A religious court in Malaysia has allowed a Muslim convert to leave the Islamic faith, in what is being hailed as a landmark ruling.
Penang's Sharia court ruled that Siti Fatimah Tan Abdullah was free to return to Buddhism, following the collapse of her marriage to a Muslim man.
It was decided she had not had proper counselling during her conversion.
Malaysians are rarely allowed to renounce the faith - those who do can be prosecuted under stringent laws.
Religious rights are a sensitive issue in Malaysia - which is 60% Muslim.
The country has large Hindu, Christian and Buddhist communities - mainly drawn from the ethnic Indian and Chinese minorities.
Malaysia insists a non-Muslim marrying a Muslim must take their faith. Ms Siti, an ethnic Chinese, converted when she married an Iranian Muslim man.
When their marriage collapsed, she filed a case with the Penang court asking to be allowed to revert to being a Buddhist.

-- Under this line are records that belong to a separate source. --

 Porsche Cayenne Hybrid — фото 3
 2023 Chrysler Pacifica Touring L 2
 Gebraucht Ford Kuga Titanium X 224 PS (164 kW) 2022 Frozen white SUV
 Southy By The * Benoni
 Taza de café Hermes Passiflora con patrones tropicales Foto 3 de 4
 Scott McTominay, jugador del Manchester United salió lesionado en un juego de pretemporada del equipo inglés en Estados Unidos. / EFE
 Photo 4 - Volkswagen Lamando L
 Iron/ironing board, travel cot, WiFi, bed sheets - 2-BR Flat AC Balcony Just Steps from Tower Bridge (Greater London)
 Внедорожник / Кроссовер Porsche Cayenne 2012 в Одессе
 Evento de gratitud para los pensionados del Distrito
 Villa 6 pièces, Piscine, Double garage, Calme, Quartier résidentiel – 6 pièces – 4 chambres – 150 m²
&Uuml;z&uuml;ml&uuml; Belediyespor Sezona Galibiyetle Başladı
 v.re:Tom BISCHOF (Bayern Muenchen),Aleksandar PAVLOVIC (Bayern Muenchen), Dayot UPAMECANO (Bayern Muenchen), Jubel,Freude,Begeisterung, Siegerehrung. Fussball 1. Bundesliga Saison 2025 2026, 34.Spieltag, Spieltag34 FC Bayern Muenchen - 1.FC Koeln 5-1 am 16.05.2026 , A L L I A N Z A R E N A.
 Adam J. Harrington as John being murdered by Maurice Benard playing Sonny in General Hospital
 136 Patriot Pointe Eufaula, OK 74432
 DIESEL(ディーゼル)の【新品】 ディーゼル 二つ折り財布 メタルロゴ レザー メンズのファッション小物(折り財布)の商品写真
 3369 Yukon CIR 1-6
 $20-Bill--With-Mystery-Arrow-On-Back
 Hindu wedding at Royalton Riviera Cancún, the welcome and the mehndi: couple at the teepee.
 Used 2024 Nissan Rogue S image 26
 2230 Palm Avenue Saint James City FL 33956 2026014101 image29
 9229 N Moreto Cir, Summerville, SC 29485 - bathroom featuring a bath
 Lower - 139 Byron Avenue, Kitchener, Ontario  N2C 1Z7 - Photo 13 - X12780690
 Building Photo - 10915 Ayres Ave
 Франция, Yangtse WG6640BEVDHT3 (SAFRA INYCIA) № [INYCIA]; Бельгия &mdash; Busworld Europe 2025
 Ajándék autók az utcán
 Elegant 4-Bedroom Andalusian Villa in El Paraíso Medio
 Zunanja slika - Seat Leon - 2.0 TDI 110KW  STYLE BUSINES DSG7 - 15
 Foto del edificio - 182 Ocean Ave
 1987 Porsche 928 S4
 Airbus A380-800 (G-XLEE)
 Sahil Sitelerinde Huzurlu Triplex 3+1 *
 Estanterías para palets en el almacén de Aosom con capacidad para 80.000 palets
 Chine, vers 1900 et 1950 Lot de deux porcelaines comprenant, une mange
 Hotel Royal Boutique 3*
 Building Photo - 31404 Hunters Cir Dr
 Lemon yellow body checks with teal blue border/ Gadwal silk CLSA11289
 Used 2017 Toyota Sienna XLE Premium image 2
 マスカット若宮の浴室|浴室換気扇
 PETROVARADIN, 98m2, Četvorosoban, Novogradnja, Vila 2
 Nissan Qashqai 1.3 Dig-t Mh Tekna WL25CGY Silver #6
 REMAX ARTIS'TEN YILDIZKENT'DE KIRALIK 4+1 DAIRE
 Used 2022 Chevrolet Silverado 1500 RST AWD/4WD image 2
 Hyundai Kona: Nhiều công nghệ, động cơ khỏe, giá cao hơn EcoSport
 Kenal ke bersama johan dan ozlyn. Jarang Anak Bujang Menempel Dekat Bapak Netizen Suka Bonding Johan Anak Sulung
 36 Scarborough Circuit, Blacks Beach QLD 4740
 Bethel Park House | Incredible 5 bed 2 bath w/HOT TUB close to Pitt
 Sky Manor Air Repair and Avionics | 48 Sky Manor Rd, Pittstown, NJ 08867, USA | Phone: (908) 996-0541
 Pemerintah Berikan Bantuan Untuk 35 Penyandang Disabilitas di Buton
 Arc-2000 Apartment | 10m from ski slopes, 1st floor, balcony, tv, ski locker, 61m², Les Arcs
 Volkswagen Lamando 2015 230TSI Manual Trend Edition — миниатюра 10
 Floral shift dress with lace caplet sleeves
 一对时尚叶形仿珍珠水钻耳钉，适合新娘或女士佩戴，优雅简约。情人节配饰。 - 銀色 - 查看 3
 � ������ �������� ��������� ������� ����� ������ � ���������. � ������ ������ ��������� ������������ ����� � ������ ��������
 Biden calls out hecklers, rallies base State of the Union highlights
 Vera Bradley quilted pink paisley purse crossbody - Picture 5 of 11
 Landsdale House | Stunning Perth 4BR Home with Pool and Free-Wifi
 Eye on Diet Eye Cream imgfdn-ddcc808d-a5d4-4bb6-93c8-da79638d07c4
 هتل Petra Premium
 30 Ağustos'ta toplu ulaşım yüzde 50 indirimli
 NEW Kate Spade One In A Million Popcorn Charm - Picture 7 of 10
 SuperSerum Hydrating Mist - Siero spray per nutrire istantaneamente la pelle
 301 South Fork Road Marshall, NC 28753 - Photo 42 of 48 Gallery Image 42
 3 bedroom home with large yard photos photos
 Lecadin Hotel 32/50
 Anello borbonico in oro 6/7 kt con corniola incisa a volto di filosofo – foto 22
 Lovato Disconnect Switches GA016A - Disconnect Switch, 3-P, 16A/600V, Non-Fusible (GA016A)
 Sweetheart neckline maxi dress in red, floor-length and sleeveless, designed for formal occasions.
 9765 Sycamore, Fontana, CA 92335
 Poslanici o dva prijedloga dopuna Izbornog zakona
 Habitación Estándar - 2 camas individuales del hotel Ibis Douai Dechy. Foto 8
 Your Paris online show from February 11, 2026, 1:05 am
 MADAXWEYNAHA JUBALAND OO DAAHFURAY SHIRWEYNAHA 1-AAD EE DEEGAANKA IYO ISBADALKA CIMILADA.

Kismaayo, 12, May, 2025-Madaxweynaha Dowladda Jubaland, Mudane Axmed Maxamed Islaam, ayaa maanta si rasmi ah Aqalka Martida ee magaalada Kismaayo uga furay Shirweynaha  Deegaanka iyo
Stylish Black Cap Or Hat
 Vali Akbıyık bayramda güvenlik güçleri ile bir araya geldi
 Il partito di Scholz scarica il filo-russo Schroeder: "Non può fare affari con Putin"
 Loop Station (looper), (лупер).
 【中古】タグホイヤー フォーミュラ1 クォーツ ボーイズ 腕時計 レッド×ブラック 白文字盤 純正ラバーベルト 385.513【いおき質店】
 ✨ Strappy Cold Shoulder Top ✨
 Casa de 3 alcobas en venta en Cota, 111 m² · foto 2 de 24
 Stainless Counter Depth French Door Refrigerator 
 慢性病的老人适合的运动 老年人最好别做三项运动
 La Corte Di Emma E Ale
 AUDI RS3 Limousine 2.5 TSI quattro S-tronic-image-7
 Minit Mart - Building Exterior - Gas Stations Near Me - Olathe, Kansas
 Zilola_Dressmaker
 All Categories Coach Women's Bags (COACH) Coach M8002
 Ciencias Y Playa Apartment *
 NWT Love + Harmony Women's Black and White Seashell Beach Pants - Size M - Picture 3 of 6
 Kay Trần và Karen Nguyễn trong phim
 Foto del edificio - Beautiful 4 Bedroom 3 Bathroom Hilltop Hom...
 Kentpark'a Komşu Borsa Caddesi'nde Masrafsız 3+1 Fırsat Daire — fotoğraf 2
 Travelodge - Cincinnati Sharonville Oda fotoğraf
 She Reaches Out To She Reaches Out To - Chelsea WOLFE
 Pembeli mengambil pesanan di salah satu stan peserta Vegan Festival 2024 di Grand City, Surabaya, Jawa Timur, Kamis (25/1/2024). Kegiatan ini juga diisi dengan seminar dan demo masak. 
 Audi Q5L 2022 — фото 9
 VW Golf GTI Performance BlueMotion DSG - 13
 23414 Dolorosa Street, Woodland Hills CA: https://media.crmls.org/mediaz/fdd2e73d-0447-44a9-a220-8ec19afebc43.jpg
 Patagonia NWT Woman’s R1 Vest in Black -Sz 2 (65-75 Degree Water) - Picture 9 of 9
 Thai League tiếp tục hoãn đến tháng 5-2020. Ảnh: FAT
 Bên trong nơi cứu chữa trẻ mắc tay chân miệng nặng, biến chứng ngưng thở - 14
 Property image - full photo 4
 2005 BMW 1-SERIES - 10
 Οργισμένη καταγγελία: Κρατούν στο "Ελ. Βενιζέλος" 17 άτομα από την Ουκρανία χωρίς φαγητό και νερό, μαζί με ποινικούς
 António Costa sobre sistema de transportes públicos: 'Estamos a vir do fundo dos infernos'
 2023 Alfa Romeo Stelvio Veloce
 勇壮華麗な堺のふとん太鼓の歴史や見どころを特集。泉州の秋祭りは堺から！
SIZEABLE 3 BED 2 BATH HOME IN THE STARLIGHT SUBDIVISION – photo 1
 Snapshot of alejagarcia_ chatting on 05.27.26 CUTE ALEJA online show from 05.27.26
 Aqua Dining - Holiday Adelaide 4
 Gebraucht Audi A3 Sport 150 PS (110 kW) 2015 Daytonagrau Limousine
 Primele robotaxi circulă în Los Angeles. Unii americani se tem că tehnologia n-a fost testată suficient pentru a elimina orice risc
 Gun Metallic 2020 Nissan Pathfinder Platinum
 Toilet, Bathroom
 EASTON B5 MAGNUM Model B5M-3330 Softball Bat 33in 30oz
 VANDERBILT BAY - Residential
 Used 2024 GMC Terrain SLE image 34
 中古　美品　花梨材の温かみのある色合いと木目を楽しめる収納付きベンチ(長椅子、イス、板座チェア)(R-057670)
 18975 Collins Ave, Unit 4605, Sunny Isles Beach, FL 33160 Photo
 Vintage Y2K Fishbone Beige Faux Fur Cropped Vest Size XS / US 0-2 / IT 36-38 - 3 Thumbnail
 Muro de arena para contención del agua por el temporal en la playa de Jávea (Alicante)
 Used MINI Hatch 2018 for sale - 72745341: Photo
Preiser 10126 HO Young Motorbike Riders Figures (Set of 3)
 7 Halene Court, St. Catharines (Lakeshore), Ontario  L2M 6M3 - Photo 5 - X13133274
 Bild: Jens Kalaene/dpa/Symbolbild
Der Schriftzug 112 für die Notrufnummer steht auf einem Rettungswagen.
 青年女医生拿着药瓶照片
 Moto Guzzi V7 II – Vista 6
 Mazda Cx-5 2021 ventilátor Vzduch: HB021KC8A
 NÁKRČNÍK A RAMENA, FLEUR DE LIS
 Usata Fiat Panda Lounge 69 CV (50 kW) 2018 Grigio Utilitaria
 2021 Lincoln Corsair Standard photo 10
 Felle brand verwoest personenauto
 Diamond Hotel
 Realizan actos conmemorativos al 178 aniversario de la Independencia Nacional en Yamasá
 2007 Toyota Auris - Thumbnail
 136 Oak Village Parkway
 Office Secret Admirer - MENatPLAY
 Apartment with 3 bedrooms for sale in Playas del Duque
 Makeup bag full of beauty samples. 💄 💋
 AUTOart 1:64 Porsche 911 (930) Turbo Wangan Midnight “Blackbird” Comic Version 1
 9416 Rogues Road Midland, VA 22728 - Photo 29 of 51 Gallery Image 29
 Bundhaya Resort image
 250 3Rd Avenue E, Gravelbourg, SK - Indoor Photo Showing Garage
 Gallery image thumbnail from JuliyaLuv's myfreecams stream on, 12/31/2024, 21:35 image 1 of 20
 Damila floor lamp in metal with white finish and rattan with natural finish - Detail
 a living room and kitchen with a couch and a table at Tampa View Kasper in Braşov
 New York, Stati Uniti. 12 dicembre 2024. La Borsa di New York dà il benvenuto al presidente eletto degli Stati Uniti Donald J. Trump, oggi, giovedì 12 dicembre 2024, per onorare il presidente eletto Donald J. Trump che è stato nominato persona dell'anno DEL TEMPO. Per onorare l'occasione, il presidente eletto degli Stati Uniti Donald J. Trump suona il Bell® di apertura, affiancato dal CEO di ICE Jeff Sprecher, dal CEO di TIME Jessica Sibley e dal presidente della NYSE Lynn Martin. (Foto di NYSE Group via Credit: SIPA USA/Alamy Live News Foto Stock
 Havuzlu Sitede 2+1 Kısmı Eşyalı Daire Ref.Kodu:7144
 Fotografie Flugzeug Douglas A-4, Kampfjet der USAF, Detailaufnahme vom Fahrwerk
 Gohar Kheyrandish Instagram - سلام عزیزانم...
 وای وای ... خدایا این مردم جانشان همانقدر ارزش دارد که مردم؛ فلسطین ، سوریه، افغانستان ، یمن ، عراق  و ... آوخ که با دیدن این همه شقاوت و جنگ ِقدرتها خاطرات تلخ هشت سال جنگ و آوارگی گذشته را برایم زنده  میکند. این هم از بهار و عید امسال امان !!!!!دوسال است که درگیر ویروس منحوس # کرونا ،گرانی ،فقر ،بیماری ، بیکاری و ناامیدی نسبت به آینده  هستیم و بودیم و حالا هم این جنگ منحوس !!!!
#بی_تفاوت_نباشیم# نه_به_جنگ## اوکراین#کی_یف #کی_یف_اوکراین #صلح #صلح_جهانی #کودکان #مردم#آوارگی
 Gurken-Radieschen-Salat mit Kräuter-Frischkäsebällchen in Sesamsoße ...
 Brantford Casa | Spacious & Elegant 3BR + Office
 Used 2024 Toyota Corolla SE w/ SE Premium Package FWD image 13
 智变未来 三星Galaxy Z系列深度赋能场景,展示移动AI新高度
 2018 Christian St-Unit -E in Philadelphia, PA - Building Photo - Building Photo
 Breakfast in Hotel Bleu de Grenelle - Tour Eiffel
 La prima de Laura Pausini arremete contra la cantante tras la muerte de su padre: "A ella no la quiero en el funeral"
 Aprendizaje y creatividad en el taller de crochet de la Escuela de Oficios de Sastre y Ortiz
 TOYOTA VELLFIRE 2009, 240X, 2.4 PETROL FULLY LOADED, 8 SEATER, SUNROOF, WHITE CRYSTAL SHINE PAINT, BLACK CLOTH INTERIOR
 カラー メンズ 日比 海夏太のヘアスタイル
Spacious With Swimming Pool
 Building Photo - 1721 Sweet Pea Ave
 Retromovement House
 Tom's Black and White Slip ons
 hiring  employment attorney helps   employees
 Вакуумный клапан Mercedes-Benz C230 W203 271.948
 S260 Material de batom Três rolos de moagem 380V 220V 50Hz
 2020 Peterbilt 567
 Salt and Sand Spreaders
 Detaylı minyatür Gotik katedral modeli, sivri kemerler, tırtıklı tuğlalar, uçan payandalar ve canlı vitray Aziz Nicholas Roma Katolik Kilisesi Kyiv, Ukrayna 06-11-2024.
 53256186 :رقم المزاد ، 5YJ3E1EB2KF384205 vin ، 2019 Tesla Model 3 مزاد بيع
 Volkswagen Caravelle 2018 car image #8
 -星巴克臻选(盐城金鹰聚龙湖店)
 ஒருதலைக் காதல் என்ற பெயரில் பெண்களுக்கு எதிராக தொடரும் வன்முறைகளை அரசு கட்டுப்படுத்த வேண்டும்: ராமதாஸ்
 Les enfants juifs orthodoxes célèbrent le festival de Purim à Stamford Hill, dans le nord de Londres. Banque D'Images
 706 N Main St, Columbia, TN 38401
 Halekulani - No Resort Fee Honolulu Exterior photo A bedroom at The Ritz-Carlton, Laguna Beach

The judge found in her favour, saying it was clear she had never practised Islam after her conversion and continued to pray as a Buddhist.
"The court has no choice but to declare that Siti Fatimah Tan Abdullah is no longer a Muslim as she has never practised the teachings of Islam," said Judge Othman Ibrahim.
He instead blamed the state Islamic council for not fulfilling its responsibility of counselling and guiding new converts.
Analysts say the judge used a very liberal interpretation of the law because in many countries converts are treated just like those who are born into Islam - and are prohibited from changing their faith.
Islamic affairs are governed at a state level so this decision may not form a precedent for other parts of Malaysia.
The local religious council in Penang may also appeal against the ruling.